* SUPPLIED DATA:

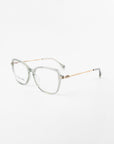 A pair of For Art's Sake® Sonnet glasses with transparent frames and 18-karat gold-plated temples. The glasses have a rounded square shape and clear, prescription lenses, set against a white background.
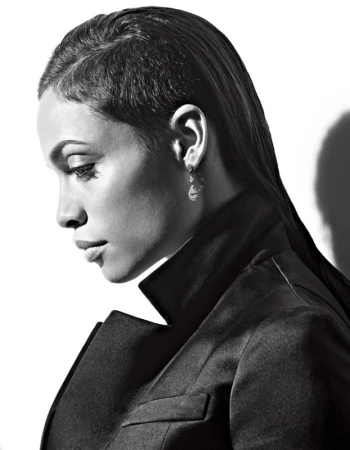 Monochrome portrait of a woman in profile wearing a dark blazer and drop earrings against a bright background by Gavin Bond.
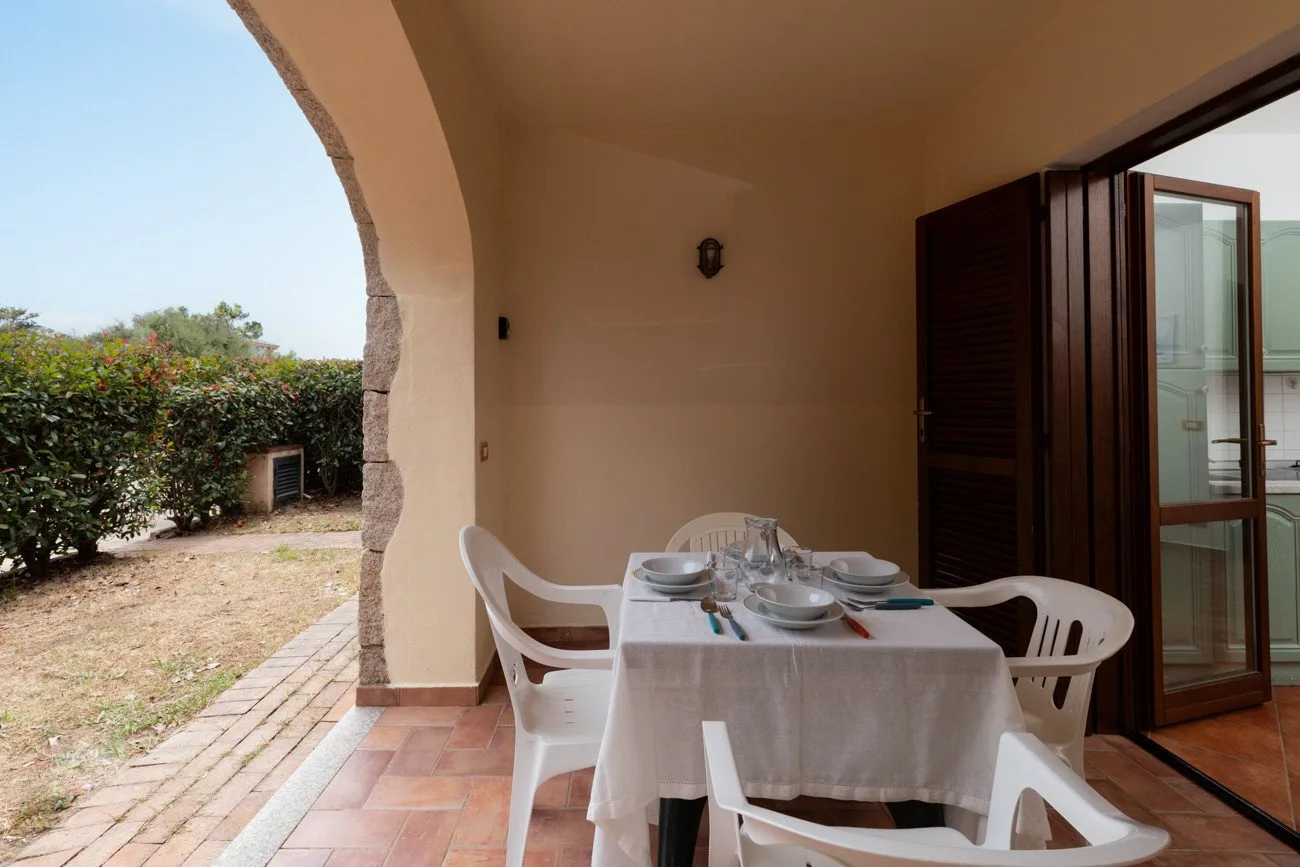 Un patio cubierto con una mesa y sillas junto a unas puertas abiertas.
--
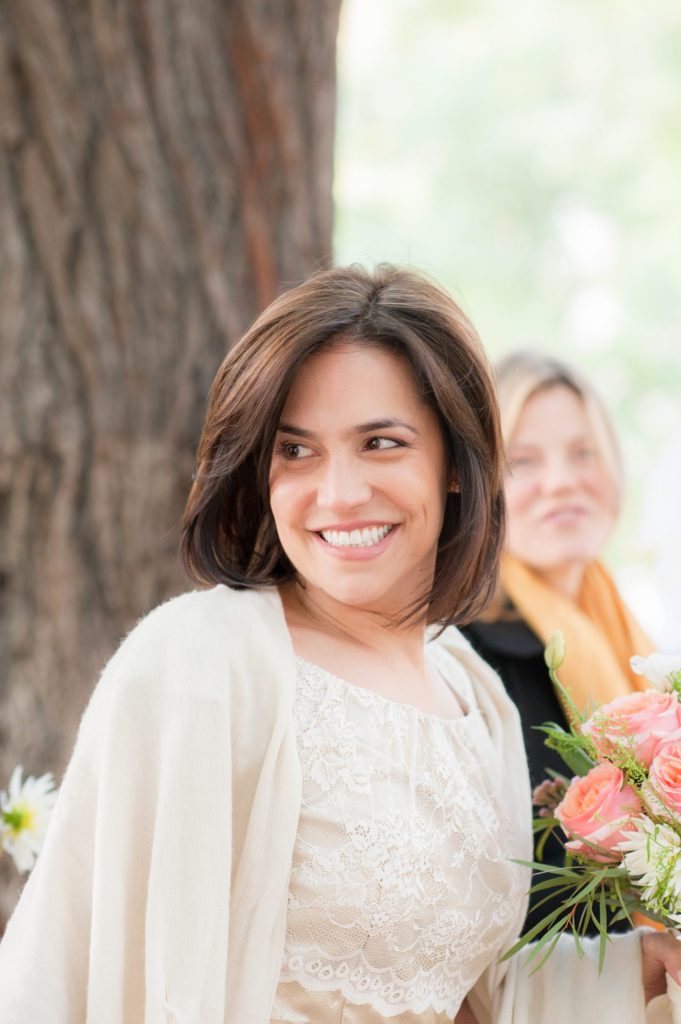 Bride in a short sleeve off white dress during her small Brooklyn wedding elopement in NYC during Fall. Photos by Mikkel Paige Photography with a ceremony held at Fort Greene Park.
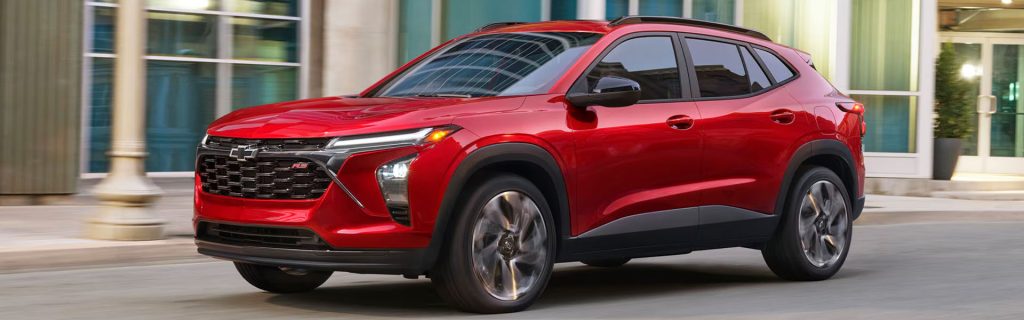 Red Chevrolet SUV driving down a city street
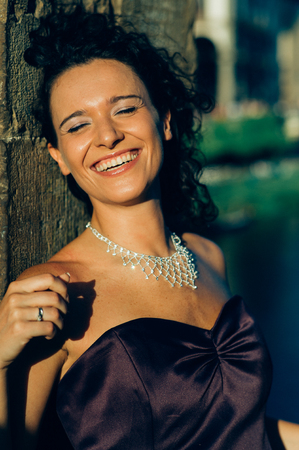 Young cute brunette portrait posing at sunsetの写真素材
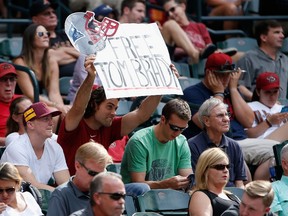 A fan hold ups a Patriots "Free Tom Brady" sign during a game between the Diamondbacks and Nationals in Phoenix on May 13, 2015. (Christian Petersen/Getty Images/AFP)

* REQUIRED WORK:
Copy out the lines above from the line containing "A pair of For" through the line containing "Un patio cubierto", exactly, and keep the pictures out.

* ANSWER SECTION:
 A pair of For Art's Sake® Sonnet glasses with transparent frames and 18-karat gold-plated temples. The glasses have a rounded square shape and clear, prescription lenses, set against a white background.
 Monochrome portrait of a woman in profile wearing a dark blazer and drop earrings against a bright background by Gavin Bond.
 Un patio cubierto con una mesa y sillas junto a unas puertas abiertas.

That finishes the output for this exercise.